Independent clinical trials

Trials carried out at Royal Free & University College Medical School Philip D Coleridge Smith DM FRCS Reader in Surgery, Royal Free and University College Medical School, London UK.

Effect of exercise using the Airogym™ on femoral vein flow velocity


Deep vein thrombosis (DVT) may occur following long haul airline travel. This has been attributed to passengers sitting in confined positions for extended periods without moving or exercising. Regular movements of the legs are needed to operate the calf muscle pump, which returns blood from the legs to the heart. Prolonged periods of sitting allow blood to remain in the calf veins for long periods. This may be sufficient to initiate a DVT in some passengers.

Airlines recommend exercises for passengers to minimise this problem. However, these may be difficult to perform or ineffective when performed in the static seated position. An exercising device may assist the flow of blood in the veins in the leg.

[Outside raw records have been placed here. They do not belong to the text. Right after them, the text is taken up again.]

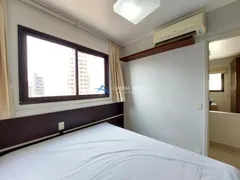 Apartamento com 1 Quarto para alugar, 58m² no Cambuí, Campinas - Foto 21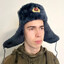 Vladislav Vostok Legend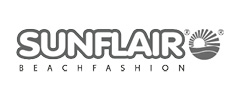 SUNFLAIR Markenlogo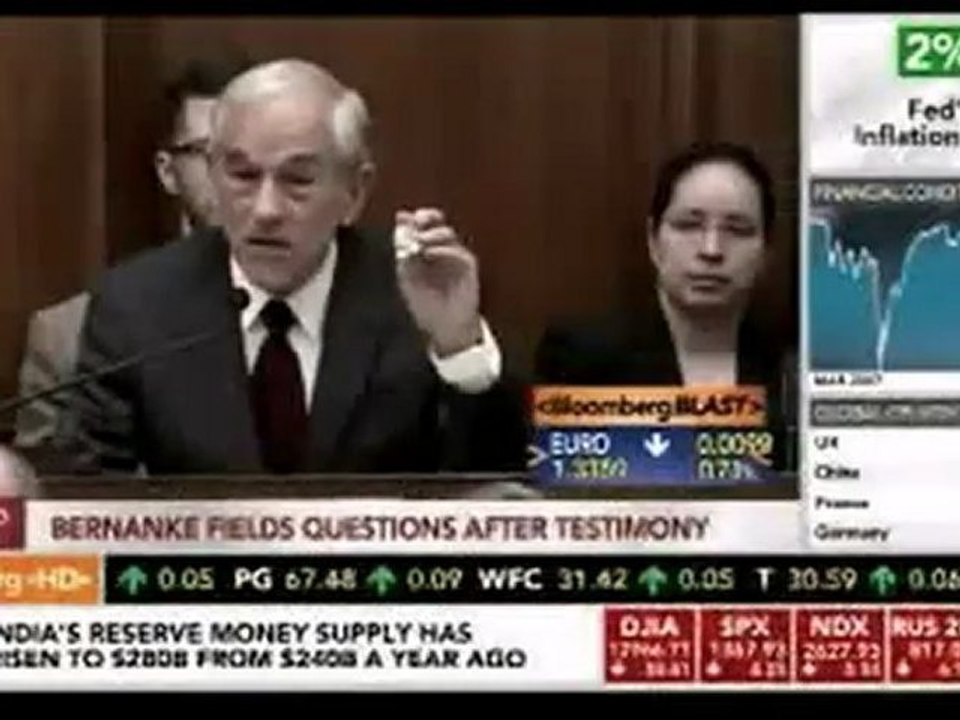 David Morgan - Silver-Investor - SILVER is The Achilles' Heel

18 volunteers included in this study gave their informed written consent for inclusion. The study was approved by the Lister Hospital Committee for Medical Ethics. Volunteers were recruited from the staff of the Lister Hospital, Chelsea. Volunteers had no history or clinical evidence of venous or arterial disease of the lower limb. Initially volunteers sat at rest with legs dependant and applied a German Hohenstein class 1 below knee stocking (22 mm Hg compression at the ankle) to one limb, selected at random. This stocking has previously been shown to prevent DVT following long haul air travel.

Volunteers then exercised whilst remaining in the sitting position using the Airogym for a period of 5 minutes. Further recordings of peak femoral vein flow velocity were made in both lower limbs during the exercise period.

Volunteers then sat still and recordings of peak flow velocity were made immediately after exercise, then after 5 and 10 minutes.


The complete set of data is represented graphically in figure 1. This compares the peak femoral vein flow velocity at the five observation times in both the control and stocking limbs of the volunteers. In both groups peak flow velocity trebles during exercise but immediately falls to resting levels after the end of the exercise period.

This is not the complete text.